I found the copy of Brer Rabbit years later, and discovered some rather impressive Captain Scarlett, and Star Wars spaceships secretly drawn inside the covers. Drawing and colouring were a huge part of our childhood – I imagine because they kept us occupied, and didn’t cost much to do. I would draw on anything – old bits of wallpaper, the edges of the newspaper – whatever was to hand. If my Nan loaned me her bingo pen to draw with I thought I was bee’s knees (does anybody even use that expression any more?).
Our bedroom opened onto the hallway, one turn away from the lounge, and a short walk to the kitchen. I remember getting up late at night once to steal pickled onions from the kitchen table, and getting my hand stuck in the jar. I didn’t quite have the motor skills, or the intelligence to let go of the handful of pickles in order to make my escape.
I don’t really remember the kitchen table, which is strange – because I do remember sitting at it for all manner of adventures. If we had egg and beans at dinner time, I would mop up the yolk and sauce with a piece of bread, pretending I was product testing a new kitchen floor cleaner before popping it in my mouth (true story! – I was quite, quite mad). I also remember fighting over leftover cake mixture with my brother – and one night in particular when it all ended in tears.

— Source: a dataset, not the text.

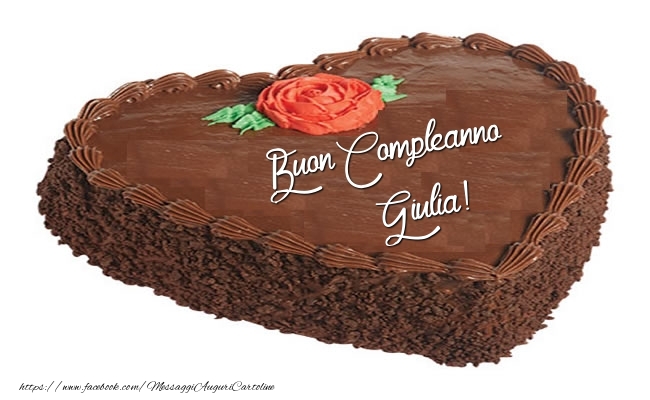 Torta Buon Compleanno Giulia Cartoline Di Compleanno Con Nome Giulia Cartolineconnomi Com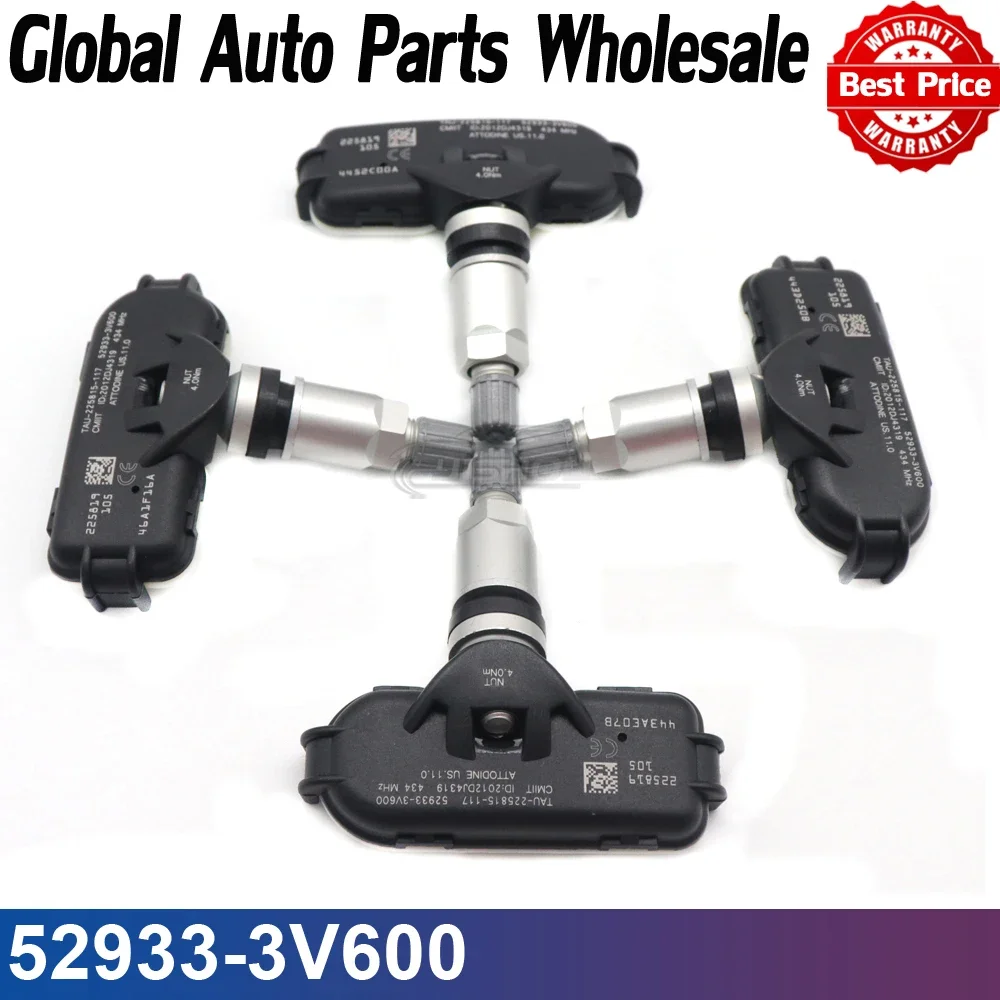 

Датчик контроля давления в шинах TPMS для Hyundai Grandeur [HG] I40 [VF] для Kia Rio [UB] 2011-2021 434 МГц 52933-3V600 52933-2Y450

It’s funny how specific memories remain crystal clear. I remember having my hands on one side of the glass bowl, and remember my brother sitting with his back to the door, gripping the other side of the bowl. I can also remember losing the battle, and watching the glass bowl whistle past my brother in slow motion before exploding on the tiled floor below.
I will never forget my Mum’s words:
“Well now nobody is having any. Bed! NOW!”

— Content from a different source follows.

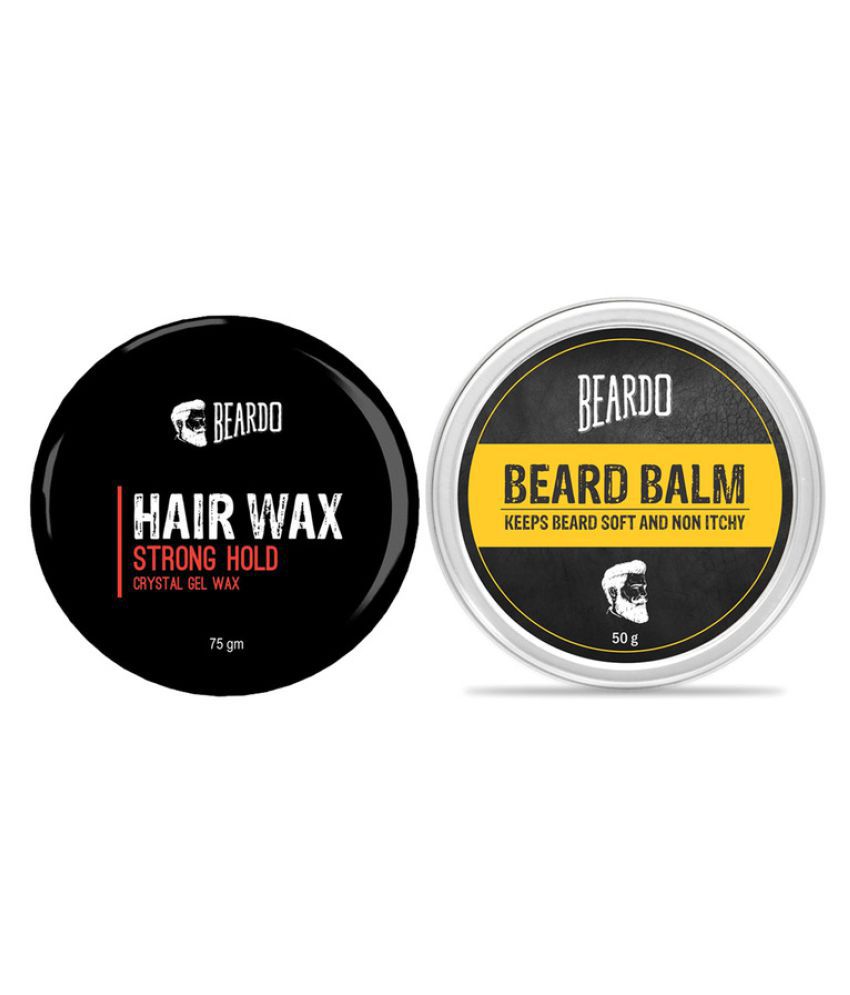 BEARDO Stronghold Wax& Beard Balm - 50 gm: Buy BEARDO Stronghold Wax ...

One of my more fond memories of Burswin Road was almost certainly pretending I was interested in football to stay up and watch “Match of the Day”. In reality I thought football was as dull as ditch water (and still do), but thought myself tremendously clever in my deceit. I only knew one player’s name – Kevin Keegan – and only then because Dad thought he was the best on the Superstars TV show.
Of course Kevin Keegan paled in comparison to Evil Kinevil, but that’s another story, for another chapter.